Sumariamente, as regras de certificação de ruído de aeronaves preveem a necessidade de contabilização total do ruído realizado por aeronave, incluindo motores e estrutura da aeronave. Os limites de ruído são contabilizados em três localizações diferentes. Primeiro, na pista durante o processo de descolagem, depois, durante o trajeto de voo em fase de subida após a descolagem e, finalmente, durante o trajeto de voo na fase de aterragem. Novas aeronaves requerem certificação de acordo com o capítulo 14 do referido Anexo 16, Volume I. Ao contrário dos capítulos 2 e 3, os limites de ruído para aeronaves são definidos em valores cumulativos idênticos à soma aritmética dos níveis de certificação em cada um dos três pontos de contabilização de ruído.
Ao longo dos anos, durante as sucessivas renovações do anexo 16, as normas têm-se tornado mais exigentes, refletindo assim o desenvolvimento tecnológico das aeronaves e motores, cada vez mais silenciosos, afetando uma área geográfica menor através do ruído causado. Porém, as melhorias técnicas são contrabalançadas pelo aumento do tráfego e o aumento do nível de urbanização nas zonas mais próximas aos aeroportos, o que tem mantido o número de pessoas afetadas por ruído de aeronaves numa tendência crescente.
Foi já no distante ano de 2001, na 33.ª sessão da assembleia da ICAO, que a “abordagem equilibrada” foi adotada como ferramenta de gestão das políticas relativas ao ruido de aeronaves. Esta SARPS, respeitando as enormes diferenças de cada Estado parte da Convenção, fornece uma ferramenta para auxiliar a gerir o ruído de aeronaves de uma forma eficaz e economicamente responsável. O funcionamento da abordagem equilibrada assenta num conjunto de instrumentos que devem ser utilizados de forma individual ou complementar de forma a gerir a exposição ao ruído em aeroportos, mas também na gestão do tema do ruídos dos aeroportos e no equilíbrios dos vários interesses em questão. Ou seja, em termos de metodologia, a abordagem equilibrada não sugere uma solução única mas um procedimento, que permite a integração de todos os atores relevantes e os coordena no âmbito de quatro categorias, ou pilares, de medidas, a saber:
Primeiro, a redução de ruído das aeronaves na fonte, o qual se centra primordialmente nas mãos dos fabricantes, embora o reconhecimento de que diferentes tipos de aeronaves produzem diferentes níveis de ruído seja um conceito essencial na aplicação, em especial, do terceiro e quarto pilar. Naturalmente, especial atenção tem de ser considerada se tais medidas não podem, sob um manto de proteção ambiental, concretizar-se em proibições concretas a determinados fabricantes de aeronaves, o que já poderia ser uma violação do princípio de não discriminação previsto no texto da própria Convenção e que já tem levantado, no passado, algumas questões referentes a tratamento entre fabricantes.

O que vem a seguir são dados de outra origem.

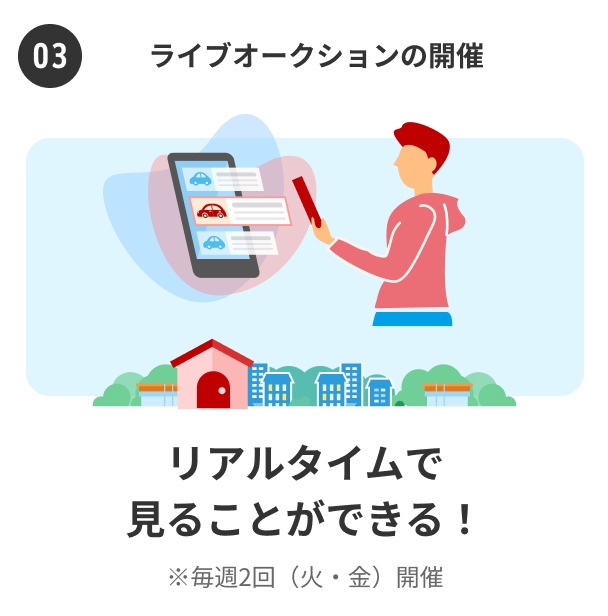 ライブオークションのイメージ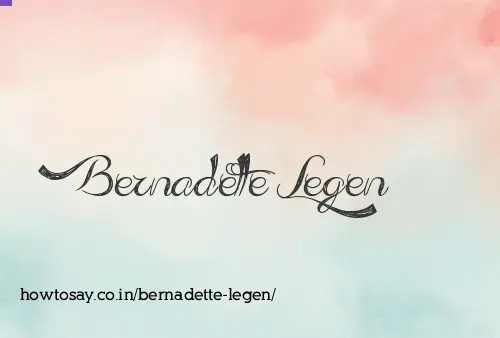 Bernadette Legen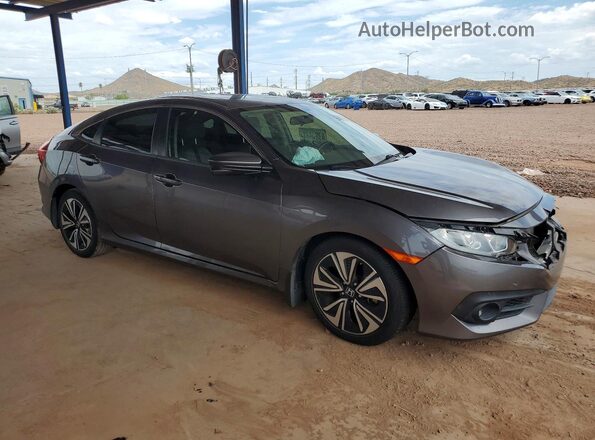 JHMFC1F3XJX036620 2018 HONDA CIVIC Серый Передняя правая четверть
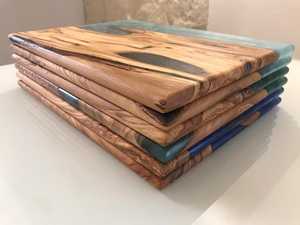 กระดานไม้มะกอกทำด้วยมือเครื่องครัวสีสันสดใสสำหรับการทำอาหารที่ทันสมัยและการเสิร์ฟอาหารที่หรูหรา - Product Image 2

Segundo, zonamento e ordenamento dos terrenos aeroportuários e circundantes. Aqui, remete-se para a Resolução A40-17, Anexo F, a qual publica algumas sugestões que não se repetem aqui por falta de espaço. Em Portugal, se para o aeroporto existente a situação se encontra para lá da redenção, é com alguma curiosidade que se seguirá o ordenamento para o NAL.
Terceiro, procedimentos específicos operacionais para a redução de ruído pelas aeronaves, o que não deve ser confundido com o primeiro pilar que diz respeito prima facie, à construção de aeronaves. Abaixo daquilo que é a aeronave crítica de qualquer aeródromo, nada impede a aprovação de limitações a que determinados modelos de aeronaves sejam proibidos de operar em determinadas horas. Regras operacionais significam limites de ruído, horas proibidas para a operação de aeronaves, penalidades para o caso de ruído excessivo.
Em quarto lugar, note-se, apenas em quarto lugar, restrições às operações de aeronaves no aeródromo (como o ocorrido em Schiphol), com a redução no número total de movimentos permitidos.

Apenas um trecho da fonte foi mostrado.